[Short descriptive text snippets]
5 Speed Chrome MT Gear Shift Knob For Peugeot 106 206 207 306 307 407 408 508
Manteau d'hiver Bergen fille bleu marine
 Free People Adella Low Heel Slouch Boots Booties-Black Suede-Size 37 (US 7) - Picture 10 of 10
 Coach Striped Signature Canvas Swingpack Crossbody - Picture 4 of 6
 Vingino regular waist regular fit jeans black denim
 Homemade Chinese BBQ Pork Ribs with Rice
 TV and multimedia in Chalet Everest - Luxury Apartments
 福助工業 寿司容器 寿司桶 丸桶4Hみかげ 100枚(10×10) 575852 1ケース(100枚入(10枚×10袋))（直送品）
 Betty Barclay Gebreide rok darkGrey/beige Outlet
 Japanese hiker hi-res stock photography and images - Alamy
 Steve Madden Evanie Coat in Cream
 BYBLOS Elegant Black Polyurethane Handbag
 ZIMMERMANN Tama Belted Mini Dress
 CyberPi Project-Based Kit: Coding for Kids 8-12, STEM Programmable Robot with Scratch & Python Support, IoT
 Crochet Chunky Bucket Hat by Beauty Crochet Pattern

• PROBLEM DETAILS
Search the records for the string "Picture", and copy every line that holds it.

• RESPONSE TO THIS EXERCISE
 Free People Adella Low Heel Slouch Boots Booties-Black Suede-Size 37 (US 7) - Picture 10 of 10
 Coach Striped Signature Canvas Swingpack Crossbody - Picture 4 of 6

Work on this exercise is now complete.